After shopping around online, I found the best deal was to be found right here in the Mariscal Square, a little tour booking agent called the Happy Gringo. A backpacker's special, 5 days in the Amazon, only 200 bucks, starts from the small distant outpost of Lago Agrio, starts Monday morning...
Qué what? This meant 3 immediate things. One, no Mindo. Two, I had an extra day in Quito. Three, my first intercity bus happens to be a night bus halfway across the country to the dangerous Columbian border, and I still can't speak Spanish.
Meanwhile, a day and a half to kill. I briefly flirted with the idea of doing work, but watched Return of the Jedi for the 8th time instead, figuring I'd have plenty of time tomorrow.
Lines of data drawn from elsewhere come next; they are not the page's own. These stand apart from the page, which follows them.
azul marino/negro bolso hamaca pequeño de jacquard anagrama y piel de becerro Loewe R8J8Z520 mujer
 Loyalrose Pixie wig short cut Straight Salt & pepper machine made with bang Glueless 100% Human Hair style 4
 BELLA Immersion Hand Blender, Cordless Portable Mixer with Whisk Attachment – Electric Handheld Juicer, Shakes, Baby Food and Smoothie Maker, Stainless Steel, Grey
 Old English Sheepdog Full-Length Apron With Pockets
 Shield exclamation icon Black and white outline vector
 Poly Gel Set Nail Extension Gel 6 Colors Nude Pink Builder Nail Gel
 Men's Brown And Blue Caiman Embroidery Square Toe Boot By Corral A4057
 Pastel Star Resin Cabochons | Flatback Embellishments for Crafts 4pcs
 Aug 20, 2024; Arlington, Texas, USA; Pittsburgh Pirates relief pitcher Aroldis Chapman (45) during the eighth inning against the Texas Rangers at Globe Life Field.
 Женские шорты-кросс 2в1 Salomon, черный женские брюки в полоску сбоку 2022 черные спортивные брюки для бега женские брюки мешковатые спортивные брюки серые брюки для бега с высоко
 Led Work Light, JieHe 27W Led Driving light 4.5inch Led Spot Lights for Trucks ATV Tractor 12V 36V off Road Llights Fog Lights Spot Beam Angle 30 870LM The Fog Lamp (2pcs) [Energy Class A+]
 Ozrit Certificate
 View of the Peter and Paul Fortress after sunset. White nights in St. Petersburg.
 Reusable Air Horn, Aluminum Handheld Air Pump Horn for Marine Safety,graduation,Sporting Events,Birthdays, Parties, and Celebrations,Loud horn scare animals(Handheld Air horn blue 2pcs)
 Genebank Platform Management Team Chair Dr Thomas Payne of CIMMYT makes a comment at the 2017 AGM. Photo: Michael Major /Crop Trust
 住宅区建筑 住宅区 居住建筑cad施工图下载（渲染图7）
Nor could I work after, since the big World Cup Qualifier match between Ecuador and Uruguay was on tonight.
Now, I've played [pee-wee] soccer, but I've never actually watched a full game. I just could never be bothered. Now, with hundreds of rabid fans filling the square, encircle by dozens of riot police, I couldn't help but get into the spirit. Still, the square itself was a terrible place to watch, I atleast wanted to be in a bar. All were jammed full well before the start of the game; the hundreds in the square were merely spillover.
The only spot I could find was on a broken stool placed ad-hoc in front of the bathroom doors near the bar in the very back of the Irish-American pub. Oh, you read that right. I watched a South American soccer game in an Irish pub, drinking Mexican beer, eating a Philly cheese steak, chatting up the Norwegeian girls (different ones) next to me. It was very multicultural, in that inauthentic Epcot kinda way. I could've atleast kept the theme by drinking a can of Guiness or Sam Adams, but at 15 bucks a can, I'd rather eat 3 meals and have a bed to sleep on for the night.
Late night snack, same café, new gringos. Two Australians, their first night in the Mariscal. They're even more naive and lost than me, so I take it upon myself to teach them some of the basic Spanish I'd picked up lately over beer and hamburgers. I'm shocked by how much Spanish I've picked up over just a few days. Lago Agrio seems less scary.
They want to trade numbers, I decline. I'm trying to avoid gringos.
The Sunday plan is simple. Wake up early, check out the touristy Mitad del Mundo (the Equator monument, more or less), work on my apps the rest of the day, catch the night bus while I'm good and sleepy. I wake up at 2. No apps this week.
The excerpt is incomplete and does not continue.